One of the best ways to decide if you have or know of a story that you think might have media interest is to ask yourself: “If I told this story to a stranger at a large party, would they be interested?” If the answer is “yes” you probably have something powerful to garner the interest of the media.
So now that you know you have a great story, it is important to convince a few more people that you in fact do. When we create a story at IVY, we ask ourselves: So what (why is your story important)? Who cares (who would enjoy learning about this subject)? And what’s in it for me (does this make the editor/producer look good; will it engage their viewers/readers)? Answering these questions will help you compose your story that will achieve the greatest exposure possible and will minimize the dreaded self-promotion that media rejects.
Your next step is to determine how to substantiate the story. Think about who can corroborate your account of the events that happened? For example, if you have a terrific presentation, get a quote or two from people who attended and enjoyed it. You should have at least one or two quotes to achieve this important verification of the story.
Now you can start writing! Keep your facts towards the top of the story and make it as timely as possible. Weave quotes into your content. Be sure to include a standard “stock” paragraph about your community that gives the reader a bit of background about your community and of course a contact name, phone number, website and social media sites to view more information. Next, establish the links you need to embellish the reader’s experience and find photos and/or video to further enhance your story. We always try to own the photography — as that is often the most important part of reader’s/viewer’s experience.

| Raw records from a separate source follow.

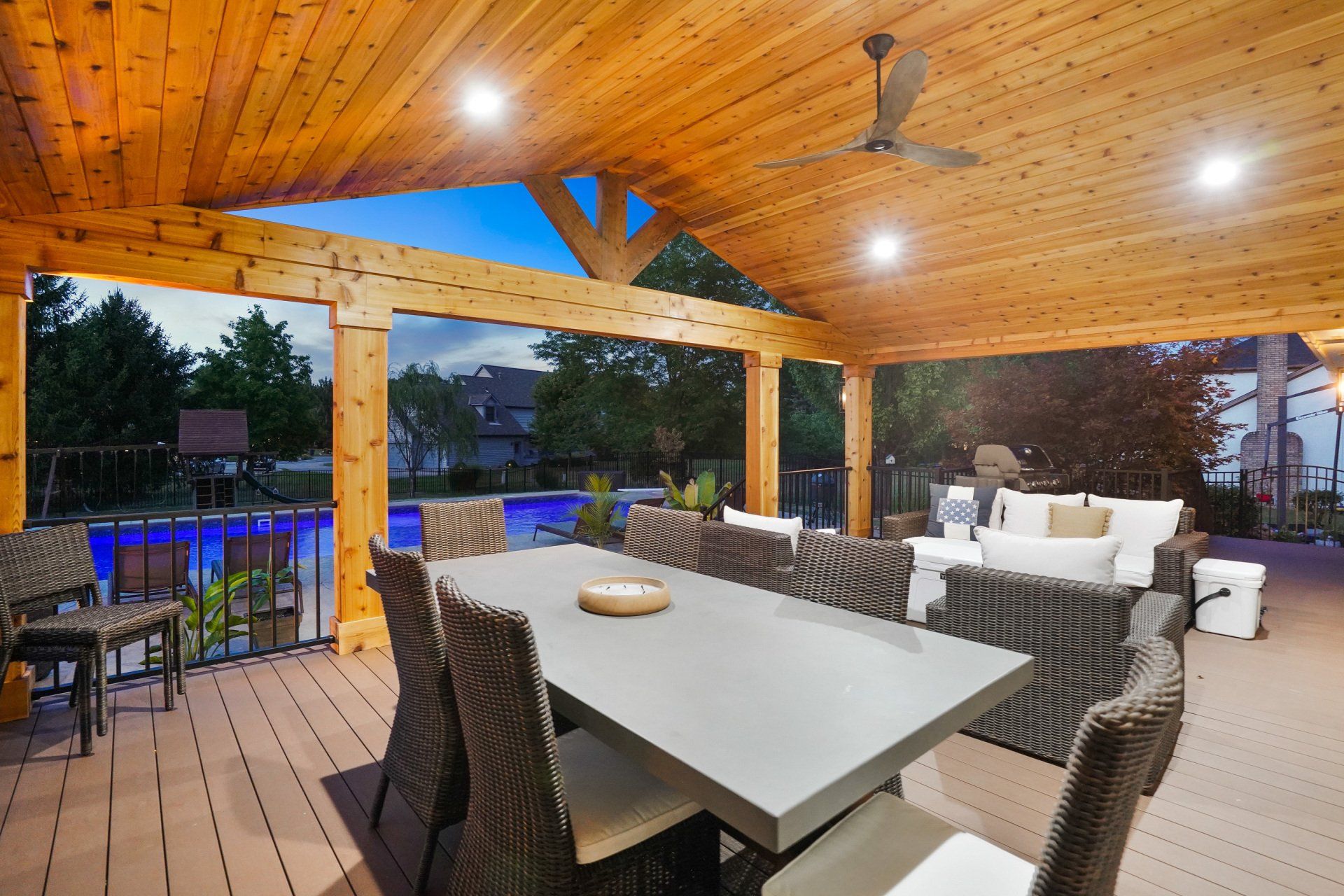 Covered outdoor patio with dining table, wicker seating, string lights, and a sunset view beyond the railing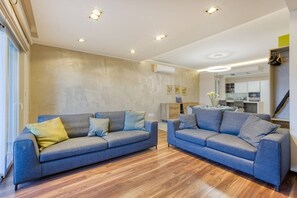 A modern living room with two sofas, wooden flooring, recessed ceiling lights, and a kitchen in the background. - Luxury 3-bed With Private Terrace in St Julian s (St. Julian's)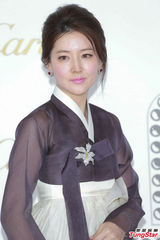 组图：郭晶晶携夫恩爱亮相 如再怀胎想生女儿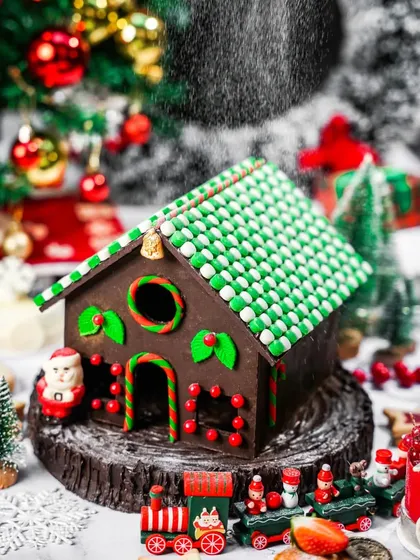 An intricate gingerbread house with a green roof, with "snow" falling in the foreground. This magical shot captures the wonder and detail of classic Christmas baking.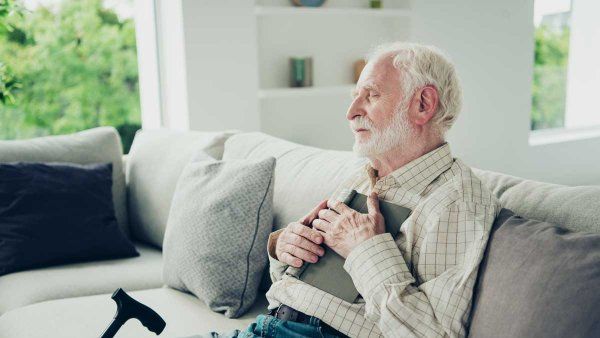 older man napping on couch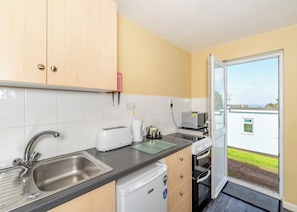 A compact kitchen with a sink, toaster, kettle, and a small oven.
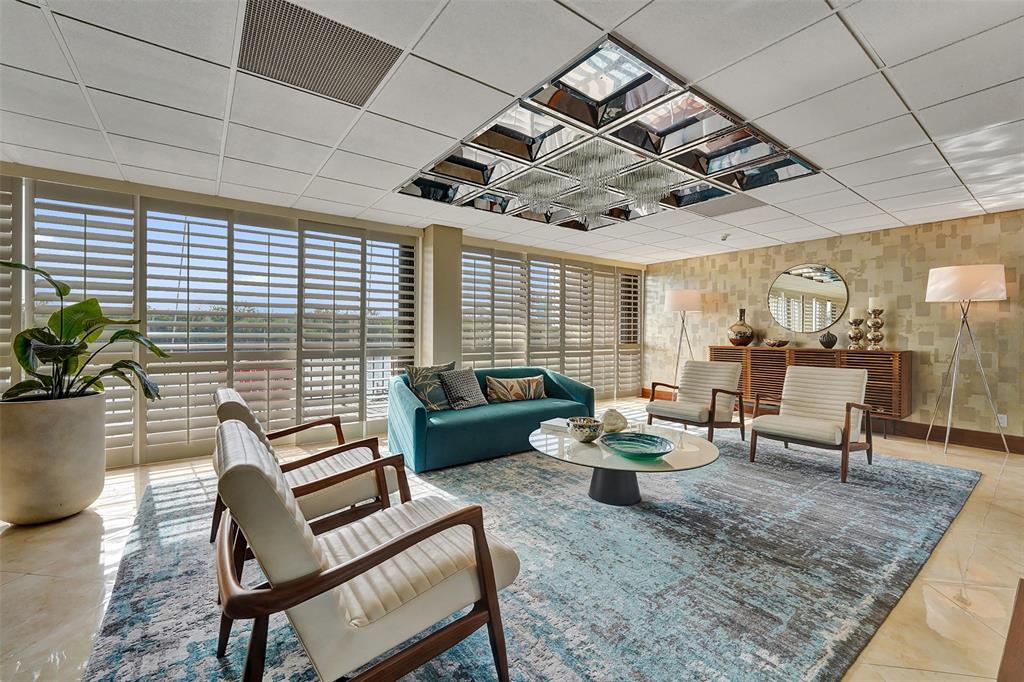 936 Intracoastal Drive, Unit 12C Fort Lauderdale, FL 33304 - Photo 57 of 65 a living room with furniture and a large window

Your next step is to decide who should know about your story both internally and in the media. You may need to rewrite the story for several different venues: social media, your blog, the website, different publications and media outlets. If you are lucky enough to get into the mainstream media with a story that will be written and produced by the sponsoring media, always offer to get photos for their stories. You may only have a few paragraphs about your community in their two page spread, but having the photo will give you much greater presence that those communities who do not have one.